The chemical structure that carries genetic instructions for protein synthesis. Although DNA is the primary genetic material of cells, RNA is the genetic material for some viruses like HIV.

 

half-life

The amount of time it takes for a concentration in blood to be reduced by 50%. After one half-life, the concentration of a drug in the body amounts to half the starting dose of any drug to be eliminated from the body.

plasma

The fluid portion of the blood.

The ANRS (National Agency for AIDS Research) decided to investigate the safety and efficacy of tenofovir (TDF) and emtricitabine (FTC) given together for PMTCT.

TEmAA ANRS 12109 (Tenofovir-Emtricitabine for PMTCT in Africa and Asia), a phase II open-label clinical trial, enrolled 38 HIV-infected women from sites in the Ivory Coast, Cambodia, and South Africa. The median age of participants was 27, median CD4 count was 450 cells/mm3, and median HIV-1 RNA was 4.1 log10 copies/mL.

All women received zidovudine (ZDV) from the time of enrolment (~28 to 38 weeks gestation) until the onset of labour. At that time, sd-NVP was given as well as two tablets of TDF/FTC (Truvada). Following delivery, TDF/FTC was given as one tablet once daily, for a week. Infants were given sd-NVP syrup on day 1 and ZDV syrup for 7 days.

Study outcomes were TDF/FTC safety, PK, frequency of viral resistance, maternal viral load, and estimation of transmission rate in the mother-infant pairs.

Grades 3/4 adverse events occurred in 24% of the women (9/38) and these included anaemia and leucopenia. There were 39 live births (1 set of twins). Nine infants (23%) suffered clinically adverse events; four of whom died (meningitis, gastroenteritis, intestinal obstruction, and severe idiopathic encephalopathy).

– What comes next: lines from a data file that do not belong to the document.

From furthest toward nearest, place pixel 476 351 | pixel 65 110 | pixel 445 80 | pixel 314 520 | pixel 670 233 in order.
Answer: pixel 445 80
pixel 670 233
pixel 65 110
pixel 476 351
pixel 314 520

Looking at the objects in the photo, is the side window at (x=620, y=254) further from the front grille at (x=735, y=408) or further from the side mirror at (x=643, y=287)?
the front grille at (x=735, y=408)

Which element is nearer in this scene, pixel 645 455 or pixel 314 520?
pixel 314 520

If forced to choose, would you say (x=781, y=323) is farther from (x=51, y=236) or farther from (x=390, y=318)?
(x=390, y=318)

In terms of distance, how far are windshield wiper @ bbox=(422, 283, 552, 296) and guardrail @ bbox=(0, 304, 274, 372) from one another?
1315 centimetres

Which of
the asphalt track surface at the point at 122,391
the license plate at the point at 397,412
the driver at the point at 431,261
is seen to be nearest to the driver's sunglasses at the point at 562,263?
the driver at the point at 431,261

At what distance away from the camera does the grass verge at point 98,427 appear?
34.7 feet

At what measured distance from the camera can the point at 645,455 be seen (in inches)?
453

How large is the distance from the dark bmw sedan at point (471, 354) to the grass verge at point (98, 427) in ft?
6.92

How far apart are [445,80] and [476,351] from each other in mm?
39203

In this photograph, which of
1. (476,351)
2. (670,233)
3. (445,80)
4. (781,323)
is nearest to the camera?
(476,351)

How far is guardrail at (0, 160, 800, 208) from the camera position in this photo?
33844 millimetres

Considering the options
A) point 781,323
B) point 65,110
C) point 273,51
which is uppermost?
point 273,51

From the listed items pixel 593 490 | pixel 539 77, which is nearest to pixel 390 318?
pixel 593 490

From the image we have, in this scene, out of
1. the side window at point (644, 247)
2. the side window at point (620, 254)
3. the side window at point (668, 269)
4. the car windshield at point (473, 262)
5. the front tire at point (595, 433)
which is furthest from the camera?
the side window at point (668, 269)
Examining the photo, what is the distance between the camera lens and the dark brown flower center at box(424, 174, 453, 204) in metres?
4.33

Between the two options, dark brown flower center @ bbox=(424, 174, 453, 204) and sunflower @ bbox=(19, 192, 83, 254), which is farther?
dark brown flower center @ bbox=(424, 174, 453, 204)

Maternal viral load dropped nearly one log at 2 days postpartum, but returned to baseline at 4 weeks. Plasma HIV-1 RNA was detected in two of the 39 infants at 3 days and was confirmed at 4 weeks postpartum. Both infections occurred in utero

There were no findings of genotypic viral resistance to ZDV, NVP, FTC, or TDF in mothers or infants. The investigators concluded that this combination is well-tolerated in women and newborns and that 7 days of postpartum therapy appeared to avoid NVP-resistance mutations and effectively suppress viral replication. No intrapartum HIV transmission was reported.

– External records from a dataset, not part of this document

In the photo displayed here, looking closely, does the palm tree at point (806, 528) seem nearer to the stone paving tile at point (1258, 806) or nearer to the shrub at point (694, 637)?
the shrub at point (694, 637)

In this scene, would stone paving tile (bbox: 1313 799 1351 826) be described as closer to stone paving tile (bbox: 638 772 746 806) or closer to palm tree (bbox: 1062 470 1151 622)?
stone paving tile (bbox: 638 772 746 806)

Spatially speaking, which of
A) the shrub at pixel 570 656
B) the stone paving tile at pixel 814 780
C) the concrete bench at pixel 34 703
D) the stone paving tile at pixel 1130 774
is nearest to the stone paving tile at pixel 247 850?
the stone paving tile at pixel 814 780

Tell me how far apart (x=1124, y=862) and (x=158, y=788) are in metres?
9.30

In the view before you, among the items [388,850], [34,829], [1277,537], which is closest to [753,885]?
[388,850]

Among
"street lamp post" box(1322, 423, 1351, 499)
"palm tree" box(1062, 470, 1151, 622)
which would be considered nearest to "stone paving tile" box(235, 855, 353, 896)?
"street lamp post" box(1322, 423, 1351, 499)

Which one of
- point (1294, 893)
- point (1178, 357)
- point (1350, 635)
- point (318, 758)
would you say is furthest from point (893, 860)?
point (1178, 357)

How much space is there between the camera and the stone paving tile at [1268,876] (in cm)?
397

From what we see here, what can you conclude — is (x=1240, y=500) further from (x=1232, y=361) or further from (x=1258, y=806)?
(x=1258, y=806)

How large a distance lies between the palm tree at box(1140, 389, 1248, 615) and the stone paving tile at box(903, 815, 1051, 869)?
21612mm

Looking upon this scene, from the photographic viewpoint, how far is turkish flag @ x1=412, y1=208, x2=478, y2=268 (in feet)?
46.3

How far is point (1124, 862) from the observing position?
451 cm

In a tenofovir PK substudy, investigators found that 2 tablets of TDF/FTC given at the initiation of labour and thereafter at the normal once-daily dose for 7 days produced TDF concentrations similar to those of non-pregnant, HIV-infected individuals taking the normal dose of TDF 300mg and FTC 200 mg daily.

Absorption of TDF was faster and greater in those women who had a caesarean section. TDF had good placental transfer and neonatal plasma half-life was just over 8 hours, suggesting low concentration soon after delivery.

Administering TDF 13mg/kg to the infant as soon as possible after birth results in neonatal concentrations comparable to those seen in adults.

References

Arrive E et al. The TEmAA ANRS 12109 phase II Trial, step 1: tolerance and viral resistance after single-dose nevirapine and short-course of tenofovir disoproxil fumarate and emtricitabine to prevent mother-to-child transmission of HIV-1. Fifteenth Conference on Retroviruses and Opportunistic Infections, Boston, abstract 45b, 2008.

Hirt D et al. Population pharmacokinetics of tenofovir in HIV-1-infected pregnant women and their neonates: TEmAA ANRS 12109. Fifteenth Conference on Retroviruses and Opportunistic Infections, Boston, abstract 47LB, 2008.